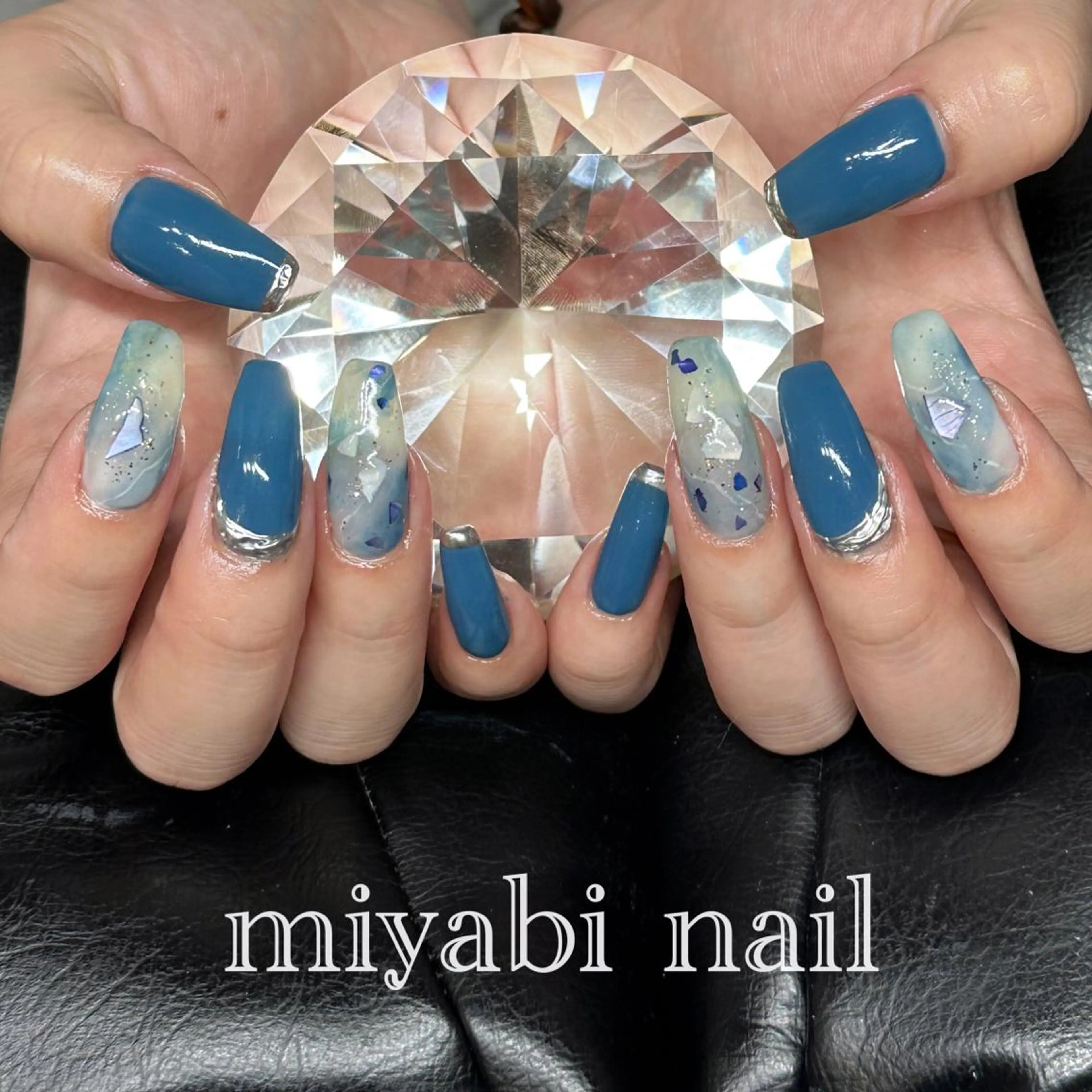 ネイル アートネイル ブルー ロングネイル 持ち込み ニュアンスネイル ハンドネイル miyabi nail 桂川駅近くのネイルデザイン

--

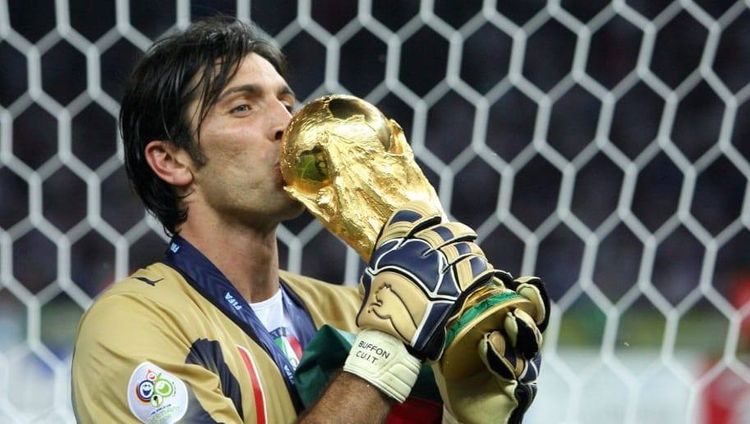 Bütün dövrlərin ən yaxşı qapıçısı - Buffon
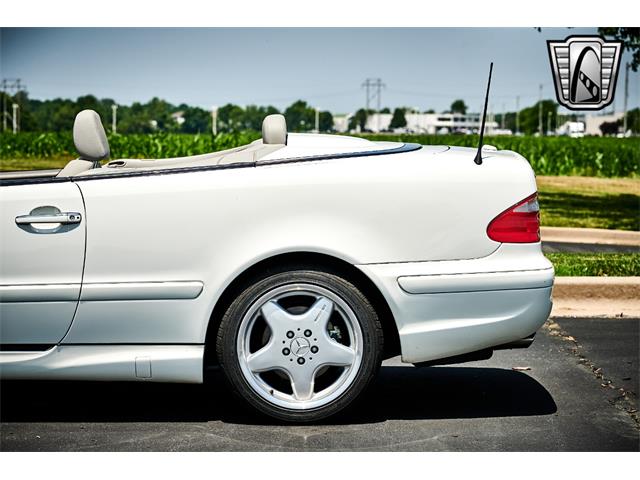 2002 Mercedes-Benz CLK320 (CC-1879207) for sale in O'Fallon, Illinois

• [What is needed]
Range to copy from the records above: the line containing "Bütün dövrlərin ən yaxşı qapıçısı - Buffon" to the line containing "2002 Mercedes-Benz CLK320", both included. Output those lines exactly and only those, skipping pictures.

• [Task solution]
 Bütün dövrlərin ən yaxşı qapıçısı - Buffon
 2002 Mercedes-Benz CLK320 (CC-1879207) for sale in O'Fallon, Illinois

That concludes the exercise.